::: Given records :::

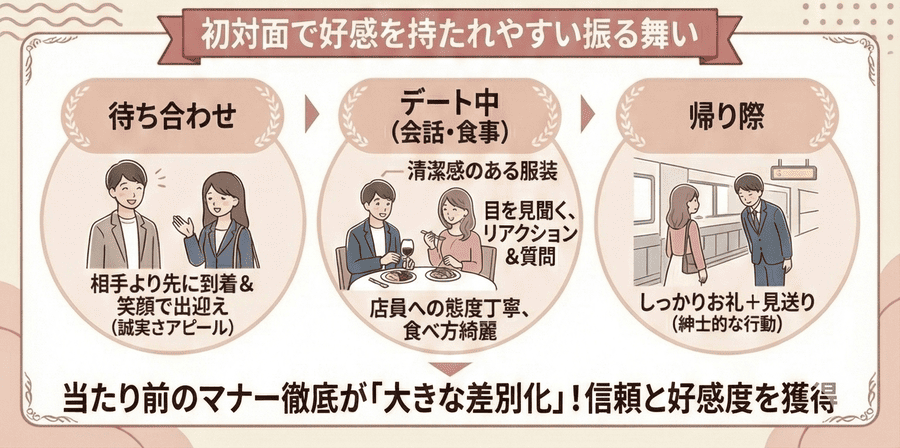 初対面で好感を持たれやすい振る舞い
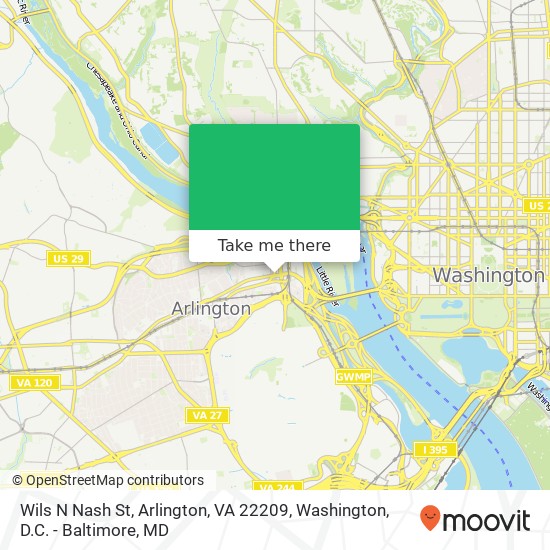 Wils N Nash St, Arlington, VA 22209 map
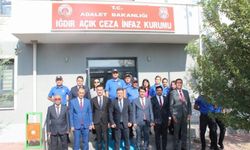 Ceza ve Tevkifevleri Genel Müdürü Çelebi Yılmaz’dan Iğdır’daki Kurumlara Ziyaret ve Üretim İncelemesi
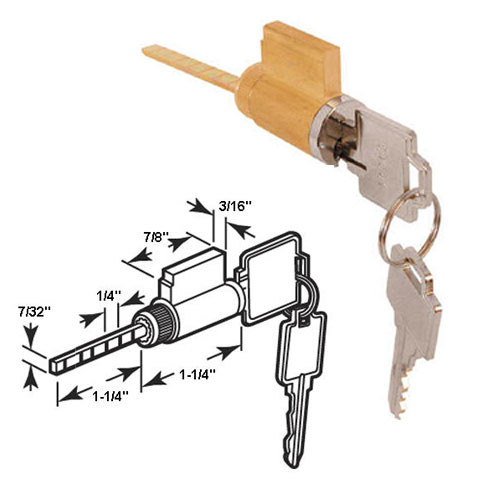 Sliding Glass Patio Door Mortise Lock Kit  | RKC2265KA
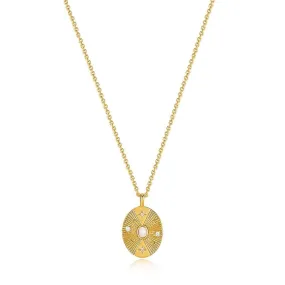 Ania Haie Gold Scattered Stars Kyoto Opal Disc Necklace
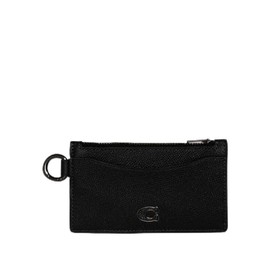 Coach Men's Zip Card CASE Accessory-Travel Wallet, Black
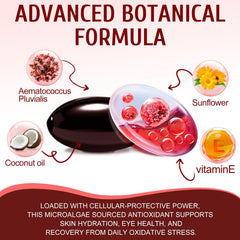 Vortexonix Astaxanthin 12mg per serving emphasizes strong absorption and potential daily benefits.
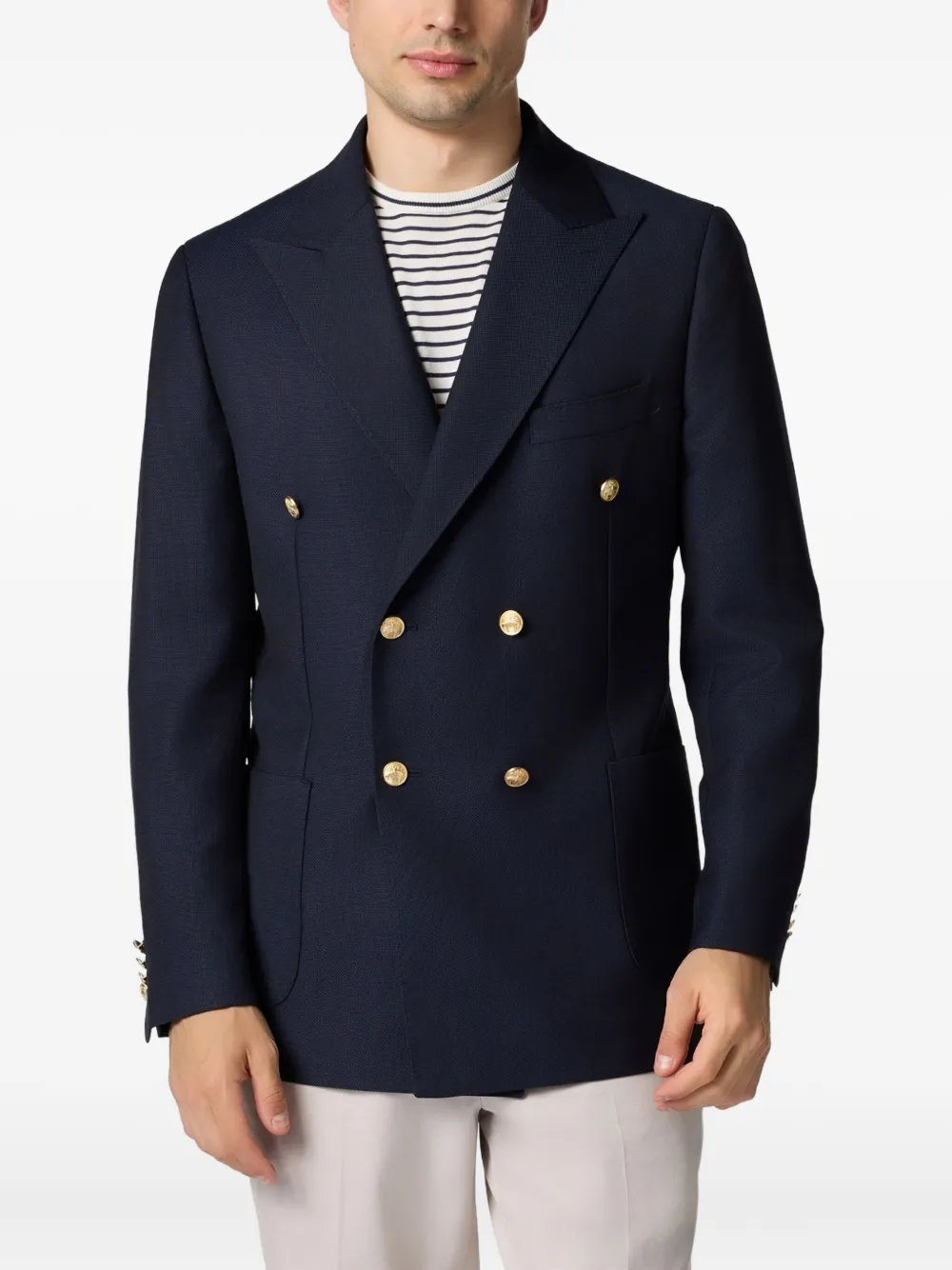 Brooks Brothers Blazer van scheerwol Blauw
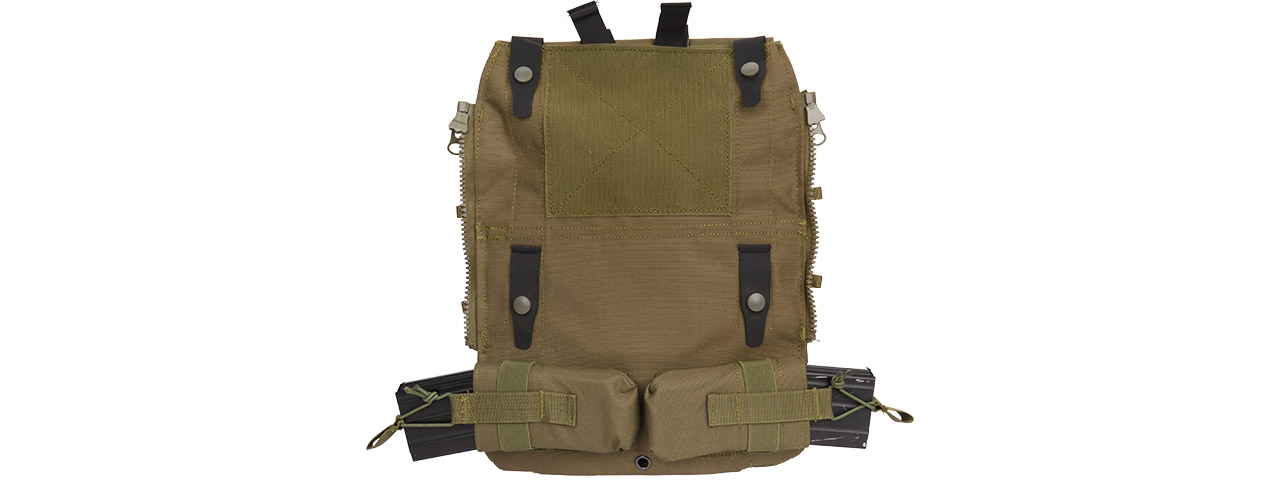 G-Force Tactical Vest 2.0 Accessory Backpack Attachment (OD Green)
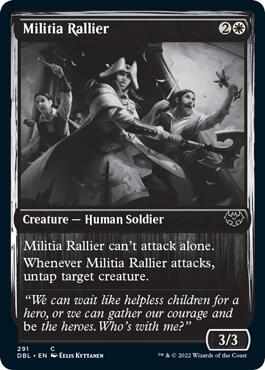 Militia Rallier card from Innistrad: Double Feature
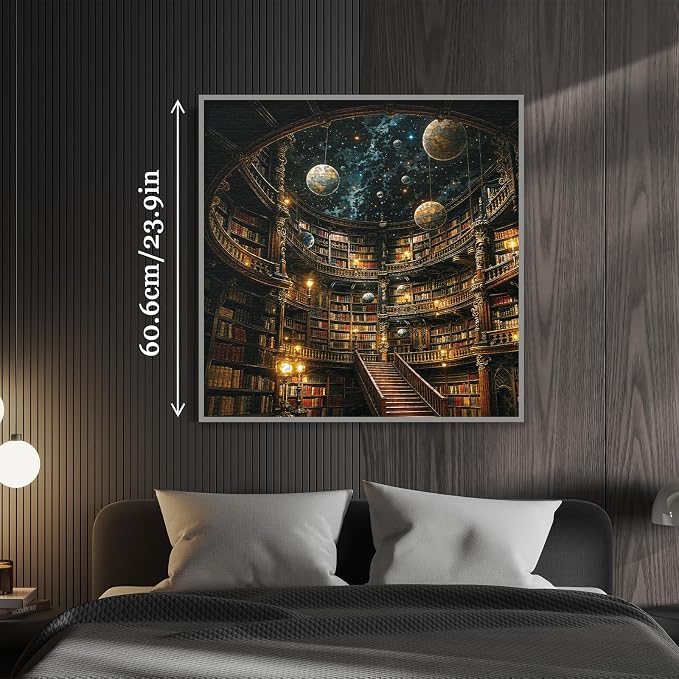 Rompecabezas Biblioteca Espacial 1000 piezas para adultos miniatura 5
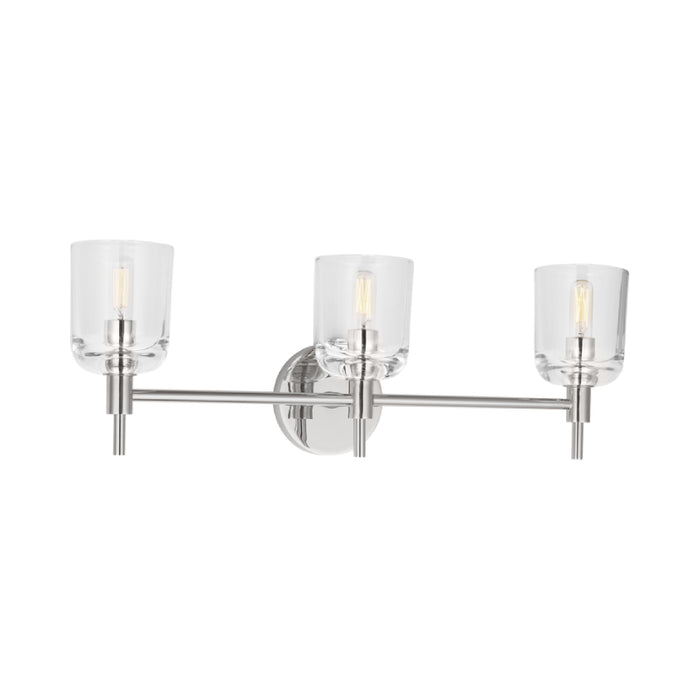 Visual Comfort TFV1003 Hartley 3-lt 24" LED Vanity Light - Polished Nickel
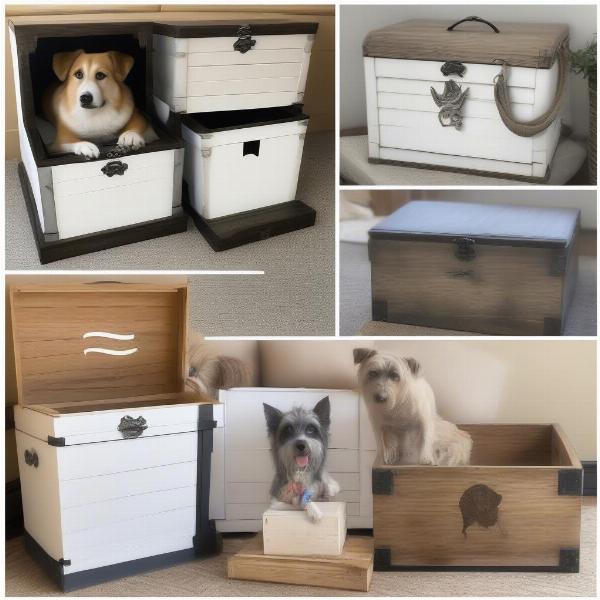 Different Styles of Wooden Dog Toy Boxes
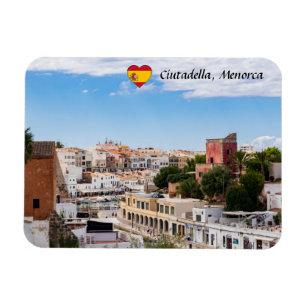 Aerial view of Ciutadella port and city - Menorca Magnet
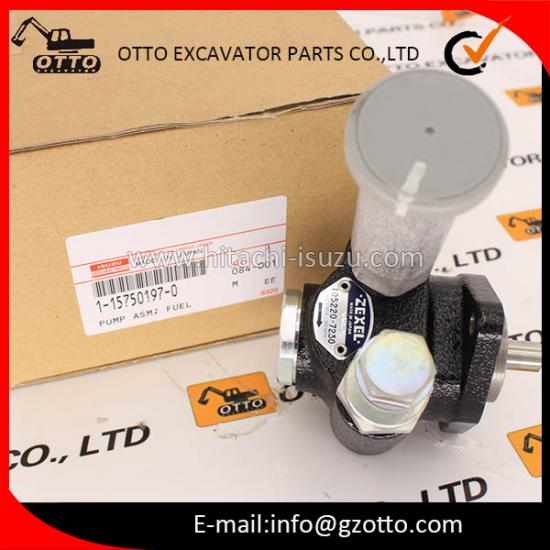 Piezas SUMITOMO SH2003A ISUZU 6BG1 Conjunto de bomba de alimentación de combustible ZEXEL 105220-7230 BOSCH 1-15750197-0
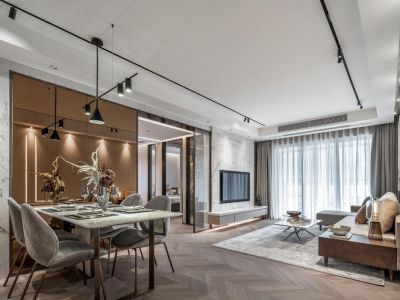 仁山公园120平现代简约风四室两厅装修案例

:::

* _Goal of the exercise_
Would you please retype all the data exactly? Leave out whatever pictures it holds.

* _Solution to this task_
 初対面で好感を持たれやすい振る舞い
 Wils N Nash St, Arlington, VA 22209 map
 Ceza ve Tevkifevleri Genel Müdürü Çelebi Yılmaz’dan Iğdır’daki Kurumlara Ziyaret ve Üretim İncelemesi
 Sliding Glass Patio Door Mortise Lock Kit  | RKC2265KA
 Ania Haie Gold Scattered Stars Kyoto Opal Disc Necklace
 Coach Men's Zip Card CASE Accessory-Travel Wallet, Black
 Vortexonix Astaxanthin 12mg per serving emphasizes strong absorption and potential daily benefits.
 Brooks Brothers Blazer van scheerwol Blauw
 G-Force Tactical Vest 2.0 Accessory Backpack Attachment (OD Green)
 Militia Rallier card from Innistrad: Double Feature
 Rompecabezas Biblioteca Espacial 1000 piezas para adultos miniatura 5
 Visual Comfort TFV1003 Hartley 3-lt 24" LED Vanity Light - Polished Nickel
 Different Styles of Wooden Dog Toy Boxes
 Aerial view of Ciutadella port and city - Menorca Magnet
 Piezas SUMITOMO SH2003A ISUZU 6BG1 Conjunto de bomba de alimentación de combustible ZEXEL 105220-7230 BOSCH 1-15750197-0
 仁山公园120平现代简约风四室两厅装修案例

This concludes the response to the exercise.